Republican presidential candidate Chris Christie on Sunday slammed his party’s requirement that White House hopefuls vow to support the eventual nominee if they want to make the debate stage in the crowded primary field.
“I think the pledge is just a useless idea,” the former New Jersey governor said on CNN’s “State of the Union.” “And by the way, in all my life, we never had to have Republican primary candidates take a pledge.
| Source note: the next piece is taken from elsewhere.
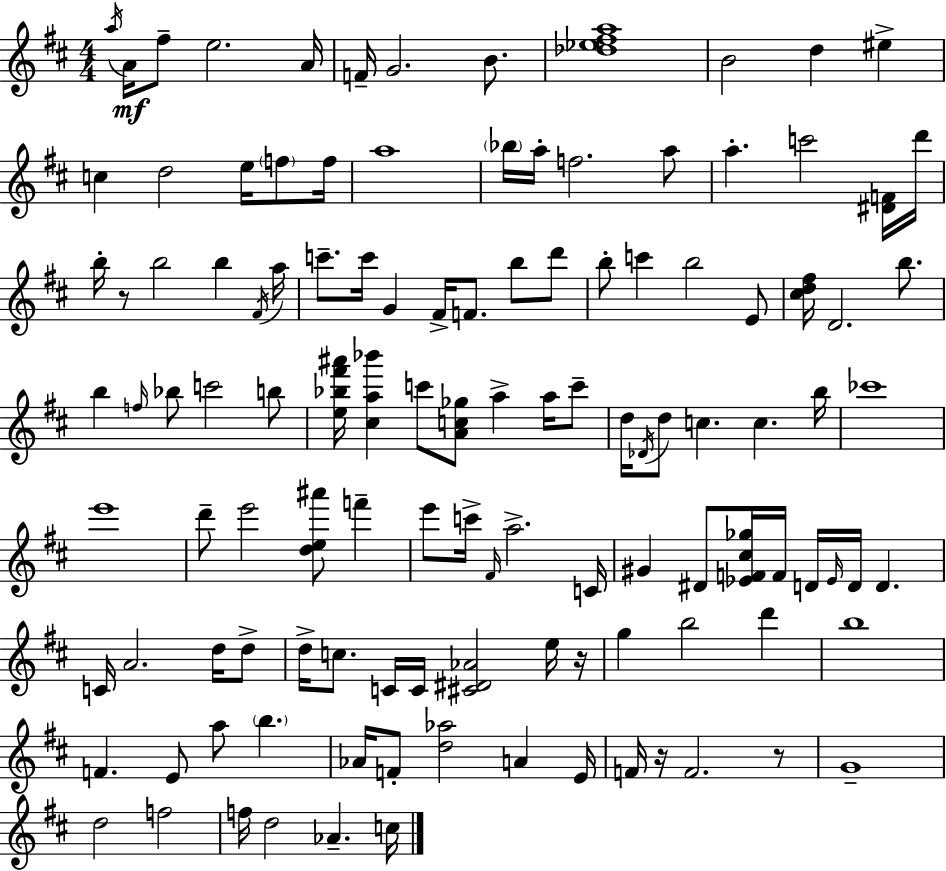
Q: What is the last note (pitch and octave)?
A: C5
We were Republicans, and the idea is you’d support the Republican whether you won or whether you lost, and you didn’t have to ask somebody to sign something.”
Fellow GOP presidential candidate Asa Hutchinson, former Arkansas governor, was rebuffed by the party when he sought a carve-out for the loyalty pledge if the nominee is convicted of a crime amid charges against former President Donald Trump for allegedly mishandling classified documents at his Mar-a-Lago home after leaving office.
Mr. Christie, an anti-Trump Republican and frequent critic of his own party, said he’s told Republican National Committee Chairwoman Ronna McDaniel the pledge is “a bad idea.”
He went on to take a jab at Mr. Trump, who is also running again for president, by saying he’ll take this cycle’s loyalty pledge “just as seriously as Donald Trump took it in 2016.” Mr. Trump, before being nominated in 2016, refused to commit to supporting the eventual nominee.
“There were 10 of us on the stage, nine of us raised our hands,” Mr. Christie said. “The one who didn’t was Donald Trump.”